We humans differ greatly in how we respond to mental and physical discomfort – this difference exists because we all interpret discomfort differently. Those of us who are more accepting of our discomfort, will end up suffering much less because of it.
One of the most dangerous ideas in the modern world is that our normal state should be happiness. If we buy into this myth (it seems most of us do at least partially) we will start to view any discomfort in our life as abnormal – something that needs to be avoided or fixed.
Physical and mental discomfort is a part of life, and there is no getting away from it. There are things we can do avoid unnecessary pain, but it is not going to be possible to be constantly happy. It is the idea that we should be trying to avoid or fix all of our discomfort that gets us into trouble.
The 3:00 A.M. obsessing over the state of our lives . . . the self-criticism for our “weakness” when we feel ourselves slipping into sadness … the desperate attempts to talk our hearts and bodies out of feeling…the way they do-all are mental gyrations that lead nowhere but farther down.
Mark Williams The Mindful Way Through Depression
What if most (all) of us who fall into addiction are just a bit precious? What if it is our low tolerance for discomfort that is driving us to choose extreme cures? What if we could learn to treat our moods and discomforts like the weather, would we still need to waste so much time trying to distract ourselves?
Why is Mindfulness Superior to Distraction?
One of my clients has been struggling to understand why mindfulness might be better than distraction for dealing with drug cravings. Keeping his mind off things has worked for him in the past, so why would want to try something different?
I agreed with him that distraction could be an effective short-term strategy for cravings, but what if it was this strategy that drove us into addiction in the first place? The problem with always trying to run away from things is it only strengthens our fear of these threats – perhaps by choosing distraction, we are reinforcing the idea ‘I can’t handle this, and I need something to fix me’.
The thing that makes alcohol or drug cravings so hard to deal with is the though ‘I shouldn’t be feeling this way’. I know from the past that if I just sit with a craving without resistance, it will always pass without half-an-hour – usually a lot less than this.
I’ve also found that every time I’m mindful of a craving, it becomes weaker until it stops visiting altogether. I haven’t had a single alcohol craving since I quit in 2006. I doubt this disappearance of cravings would have happened if I had just relied on distraction – I know this because I stopped drinking for 2 years during the nineties, and the cravings never really went away (check out my post on mindfully dealing with addiction cravings).
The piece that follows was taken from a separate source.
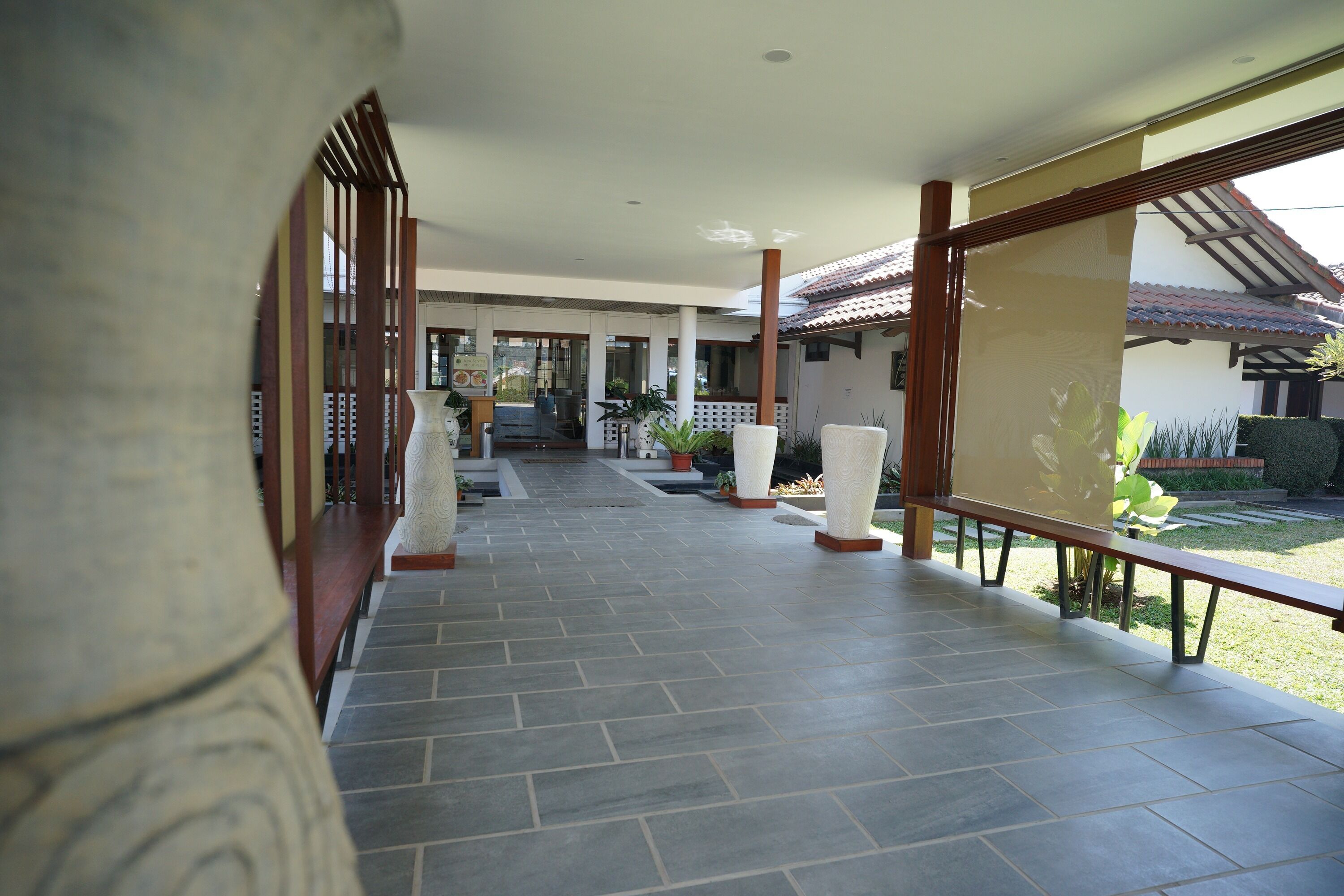 A covered outdoor corridor with tiled flooring, wooden railings, and potted plants.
I can’t think of a single scenario where distraction would be a superior solution to mindfulness (please leave a comment in you can think of one). This is not to say that I’m always able to choose mindfulness when the shit hits the fan, but I know that the more I make this practice a part of my life, the bigger the challenges I can apply mindfulness to.
I’m no longer as ‘precious’ as I used to be, and my increased hardiness is thanks to mindfulness. I suggest that if you try replacing distraction with mindfulness, you will become hardier too. Perhaps you’ll start to see that it isn’t our discomfort that is the enemy but our desire to always escape it.
I was nearly with you, but then:
“One of the most dangerous ideas in the modern world is that our normal state should be happiness. If we buy into this myth (it seems most of us do at least partially) we will start to view any discomfort in our life as abnormal – something that needs to be avoided or fixed.”
The normal state *is* happiness – the myth is that one cannot be happy during discomfort. 🙂
Blessings,
-M
I have to disagree with you on that…the normal state is not happiness..it is the discomfort that makes happiness to be important…..a rose without thorns is no longer a rose….
I agree with you Rudolf. By saying that happiness is the ‘normal state’ it sort of makes the word meaningless.